(DATASET CONTENT Opens)

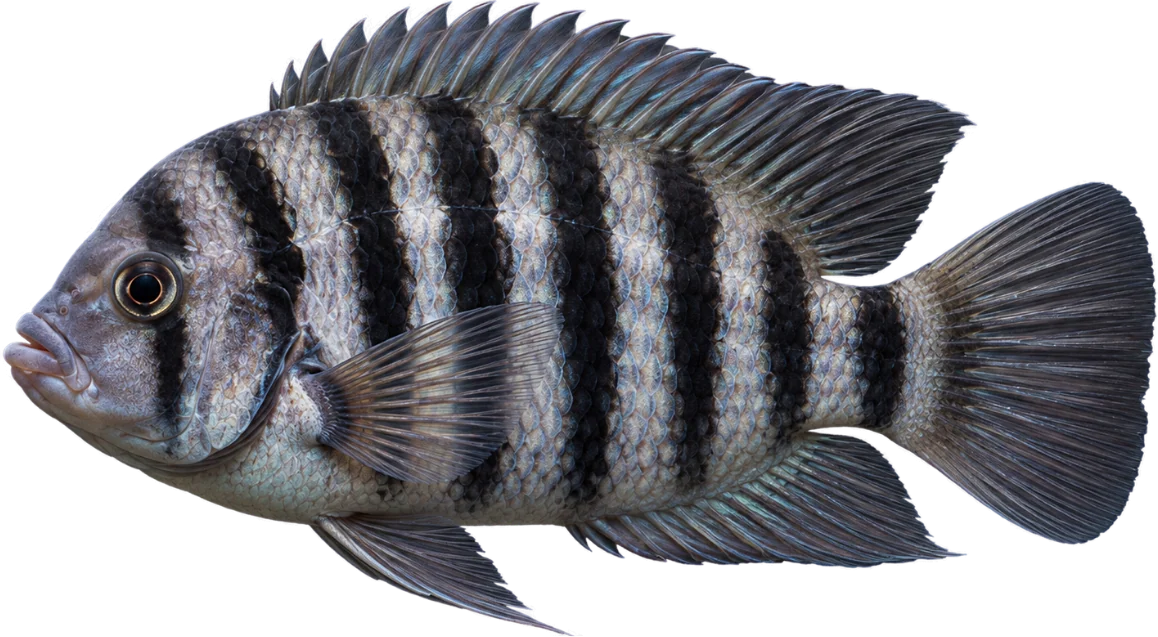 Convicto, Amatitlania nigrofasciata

(DATASET CONTENT Closes)
(DATASET CONTENT Opens)

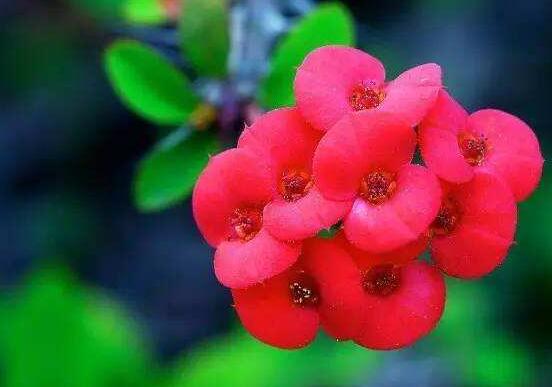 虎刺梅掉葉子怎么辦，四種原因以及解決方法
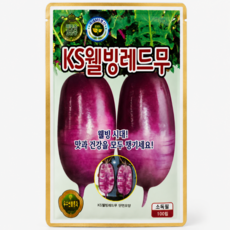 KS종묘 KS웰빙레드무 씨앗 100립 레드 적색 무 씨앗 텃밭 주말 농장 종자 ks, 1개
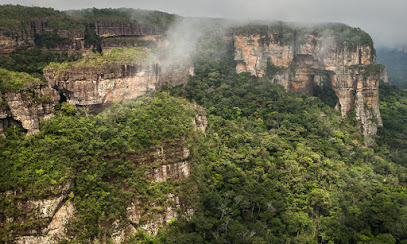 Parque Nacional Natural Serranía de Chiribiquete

(DATASET CONTENT Closes)

• _WHAT TO DO_: Exact copy, pictures excluded: every line above from the one containing "KS종묘 KS웰빙레드무 씨앗" to the one containing "Parque Nacional Natural", inclusive, and nothing more.

• _ANSWER TO THIS TASK_:
 KS종묘 KS웰빙레드무 씨앗 100립 레드 적색 무 씨앗 텃밭 주말 농장 종자 ks, 1개
 Parque Nacional Natural Serranía de Chiribiquete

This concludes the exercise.